Consider this example of should_change:

context "updating a post" do
  setup do
    @post = Post.create(:title => "old")
    put :update, :post => {:title => "new"}, :id => @post.to_param
  end

  should_change("the post title", :from => "old", :to => "new") { @post.title }
end

This reads well and seems to be fairly straightforward. Sadly, this doesn’t work because of how should_change works internally (hence the confusing part). It would actually need to be written like this:

context "given a post" do
  setup do
    @post = Post.create(:title => "old")
  end

  context "updating" do
    setup do
      put :update, :post => {:title => "new"}, :id => @post.to_param
    end

    should_change("the post title", :from => "old", :to => "new") { @post.title }
  end
end

The @post instance variable needs to be assigned a context above the context containing should_change. I told you it was confusing.

Now, onto the bad practice aspect. This tests that the post was saved! Come on, we don’t want to do that here. That’s why we write Cucumber scenarios! We’re testing the controller, right? If that’s the case, then we shouldn’t care whatsoever if update_attributes worked with specific data passed to it, just that it was called and that we handle the result accordingly.

context "updating a post" do
  setup do
    @post = Factory :post
    Post.stubs(:find => @post)
  end

  context "when the update is successful" do
    setup do
      @post.stubs(:update_attributes => true)
      put :update, :post => {:title => "new"}, :id => @post.to_param
    end

    should set_the_flash.to(/updated/)
    should redirect_to(posts_path)
  end

  context "when the update is unsuccessful" do
    setup do
      @post.stubs(:update_attributes => false)
      put :update, :post => {:title => "new"}, :id => @post.to_param
    end

    should render_template(:edit)
    should assign_to(:post).with(@post)
  end
end

This is more inline with what we really want to test; that the controller handled update_attributes correctly when the update worked and when it didn’t. Leave the model logic and whether it should save or not in the model (and its tests), and test the controller to ensure it handles whether the model was updated.
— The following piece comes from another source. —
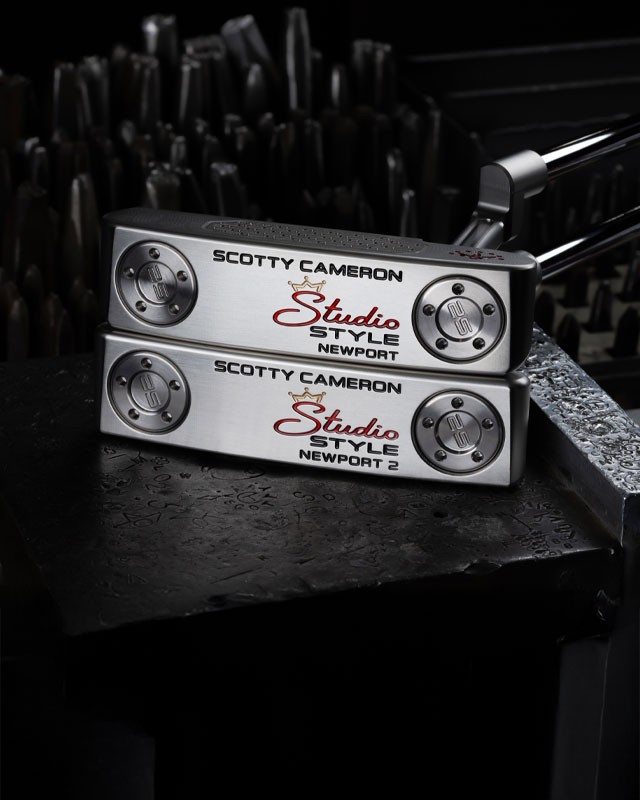Art of Putting - Scotty Cameron Phantom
I mentioned before that Cucumber scenarios should cover overall integration. Something like these would work:

Scenario: Update a post successfully
  Given I am signed in
  And I authored a post titled "Great Scott"
  When I go to edit the "Great Scott" post
  And I fill in "Title" with "Willard Scott"
  And I press "Update"
  Then I should see the flash message "Your post was updated successfully"
  And I should have authored "Willard Scott"

Scenario Example: Update a post unsuccessfully
  Given I am signed in
  And I authored a post titled "Great Scott"
  When I go to edit the "Great Scott" post
  And I fill in "<required field>" with ""
  And I press "Update"
  Then I should see error messages
  When I fill in "<required field>" with "<valid value>"
  And I press "Update"
  Then I should see "Your post was updated successfully"
  Examples:
    | required field | valid value       |
    | Title          | Awesome Post Name |
    | Body           | Awesome story     |

I’m sure this isn’t the only way people were using should_change, but hopefully this clarifies how deprecating the methods will encourage better tests.

Do you use should_change and think it’s by far the best way to test certain pieces of code? I’d like to see some people who’ll sorely miss it post some real code (Pastebin or Gist).